The Four-Quadrant Problem

[Alexis Wieland]

Well, so much for my quest for a problem which *requires* more than 2 layers.
Hopefully this will exhaust the issue ...

The conclussions are:
   - for a 2-layer net of a finite number of threshold units can't do the
	4-quad problem to arbitrary accuracy (I'll demonstrate in a moment).
   - any arbitrarily large subspace *can* be approximated to arbitrary
	accuracy with a finite number of nodes.
   - with non-hard-threshold units (including sigmoids) and assuming infinite 
	presision (and you *need* that infinite precision) you *can* do the 
	4-quad problem with 2 layers.



Demonstration that 2-Layers of finite numbers of threshold units can't do it:

Assume that it can be done.  Each node in the first layer creates linear 
partitions in the plane described by the input space.  This finite set of 
partions (lines) intersect at a finite number of points.  Consider a circle 
centered at the origin which encloses all of these intersections.  Assume 
without loss of generality that quads 1&3 have a greater value than quads 
2&4 which is subsequently thresholded by the second layer node.  Above the 
circle, crossing from left to right across the y-axis (or any "don't care" 
band) must result in a net gain (since quad-2 < quad-1) so the weights 
connecting those nodes to the output node must sum > 0.  Below the circle a 
simular argument has the same sum < 0.  The sum can't be both > and < 0, a 
contradiction, therefore it can't be done.

 *BUT*


Doing It With Other than thresholding units:

If the hidden layer's transfer function f(x) = 0 for x<=0 and f(x) = x for 
x>=0 Ron Chrisley showed me at INNS that you can use a four node hidden layer.
Given input weights (w,w), (-w,-w), (w,-w), (-w, w) on the first layer
(no thresholds) and weights (w2, w2, -w2, -w2) from the hidden layer
to the thresholding output node you've got it.

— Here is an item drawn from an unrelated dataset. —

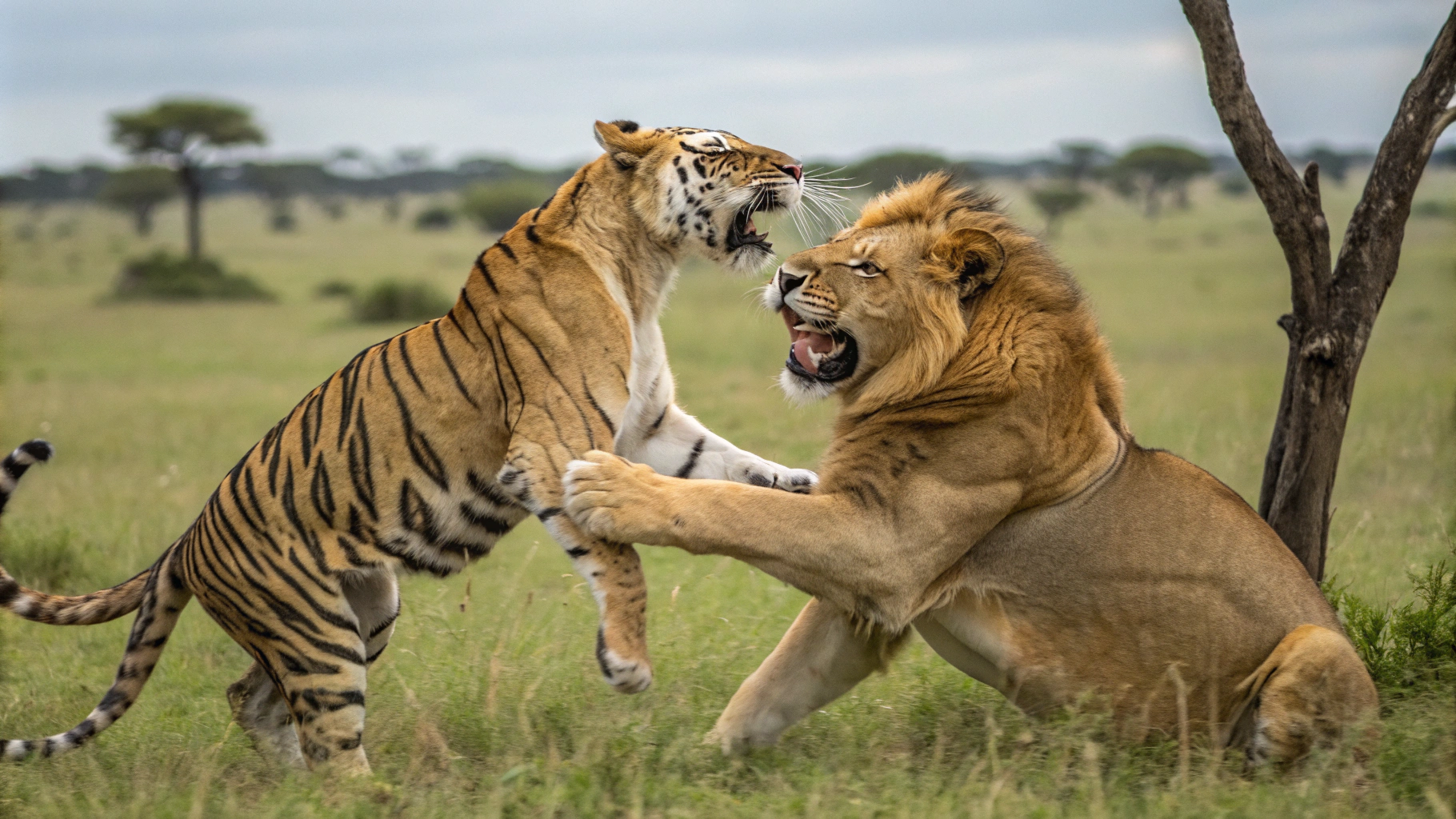 AI generated image by Red Panda AI: Make a image of a tiger fighting with a lyon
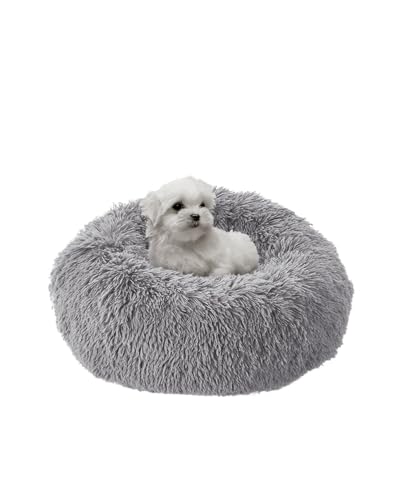 Calming-Donut-Bed-for-Dogs-and-Cats-20-inch-Bed-Ultra-Soft-Circle-Bed-Cozy-Waterproof-Zipper-Cover-Small-Dog-Bed-Light-Grey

I would add that you can approximate the semi-linear node to arbitrary
accuracy with thresholding units if you only want to go out a finite distance.

Also, you're really only using the fact that the transfer function is 
monotonically increasing -- as is a sigmoid (at least in theory).  So if 
the four nodes in the hidden layer have *any* non-zero threshold you can 
use the save network and use sigmoid units.  Eventually your top node will
have sigmoid(x + threshold) - sigmoid(x) as its input (which gets *very*
small very fast) but in theory this should work.


In conclussion, this is a task that is quite simple with a 3 layer net
(put a partition on the x an y axis and XOR their outputs).  Instead,
you can use an infinite number of nodes in 2 layers or see how well
your particular computer deals with numbers like 10**-(10**10**10**...)
with sigmoid nodes.  In short, while it is clearly cleaner and more
compact to do it with 3 layers, it *can* be done in theory with networks
(which are not pragmatically realizable) with 2-layers.

Alexis Wieland
wieland at mitre.arpa